§ **How to complete this task**: Exactly and only the lines below from the one containing "BaBylissPRO TT Tourmaline" down to the one containing "Detail of Plan" are wanted, both included; please exclude every picture.

§ **Records for this exercise**:
┌──

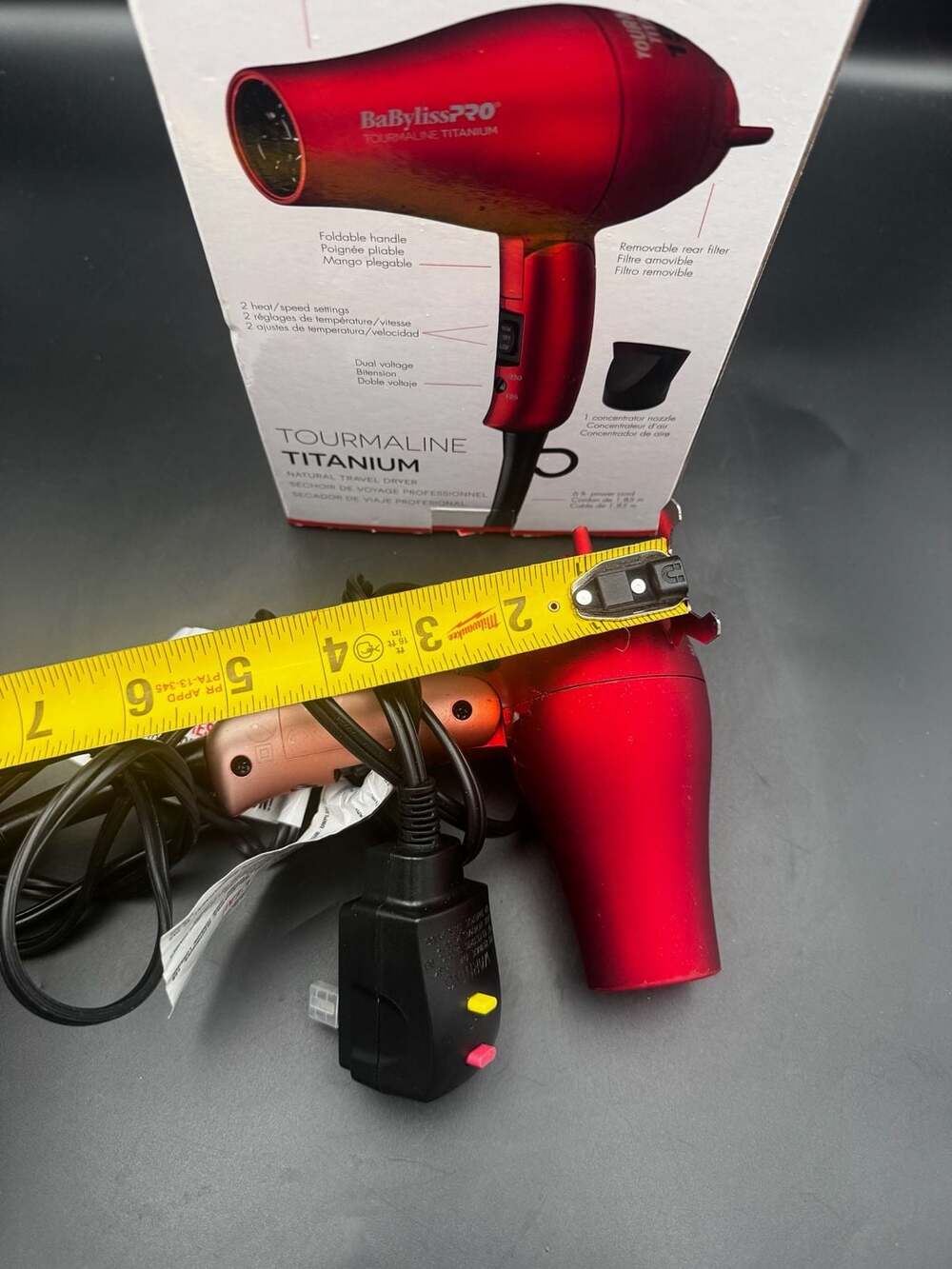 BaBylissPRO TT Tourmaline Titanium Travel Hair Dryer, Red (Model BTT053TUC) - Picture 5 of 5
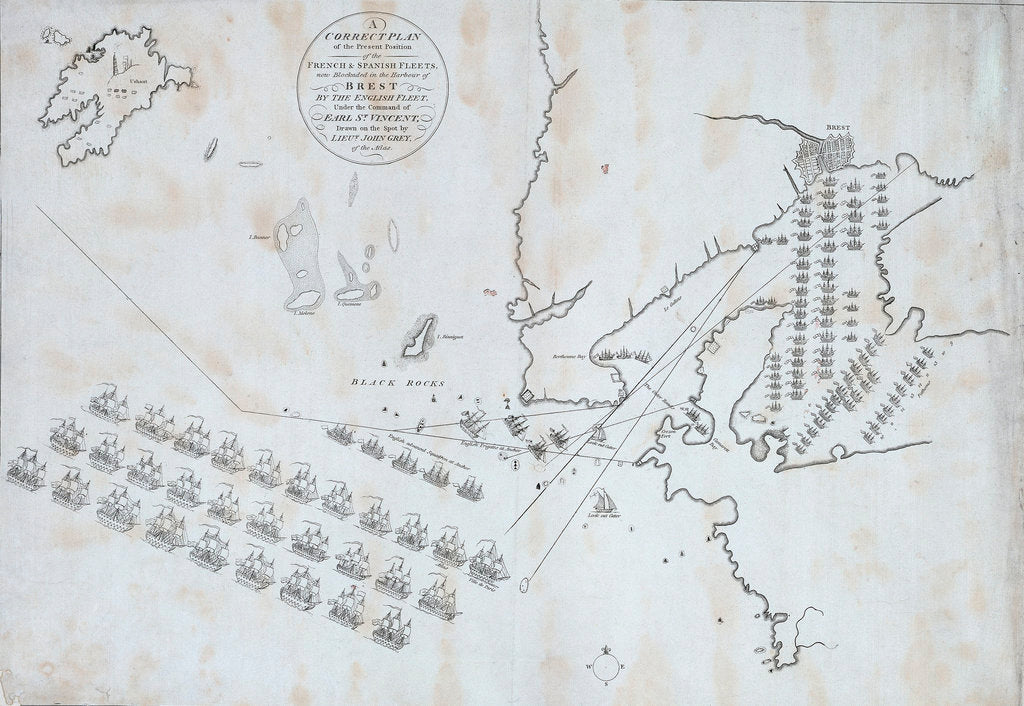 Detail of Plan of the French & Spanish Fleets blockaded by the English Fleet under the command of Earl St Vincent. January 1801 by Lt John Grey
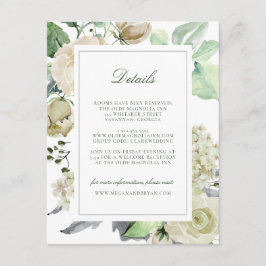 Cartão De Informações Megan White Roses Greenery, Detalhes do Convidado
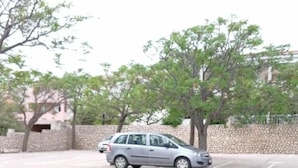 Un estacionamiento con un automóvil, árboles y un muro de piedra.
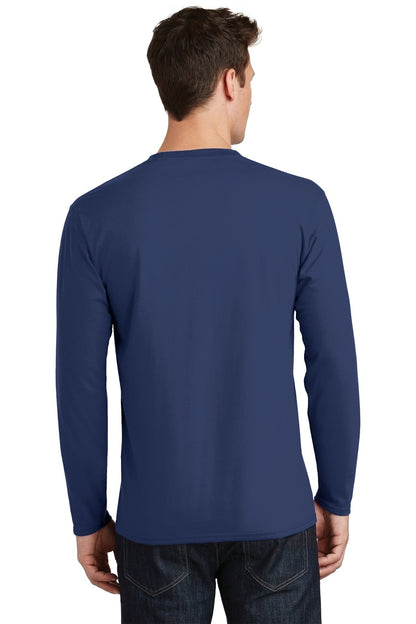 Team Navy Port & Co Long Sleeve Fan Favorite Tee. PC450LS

└──
┌──

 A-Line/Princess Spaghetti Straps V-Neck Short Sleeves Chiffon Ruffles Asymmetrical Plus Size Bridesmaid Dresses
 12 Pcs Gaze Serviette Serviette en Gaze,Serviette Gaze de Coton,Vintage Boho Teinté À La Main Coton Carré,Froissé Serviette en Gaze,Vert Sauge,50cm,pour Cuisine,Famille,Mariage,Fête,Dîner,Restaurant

└──

§ **Exercise solution**:
 BaBylissPRO TT Tourmaline Titanium Travel Hair Dryer, Red (Model BTT053TUC) - Picture 5 of 5
 Detail of Plan of the French & Spanish Fleets blockaded by the English Fleet under the command of Earl St Vincent. January 1801 by Lt John Grey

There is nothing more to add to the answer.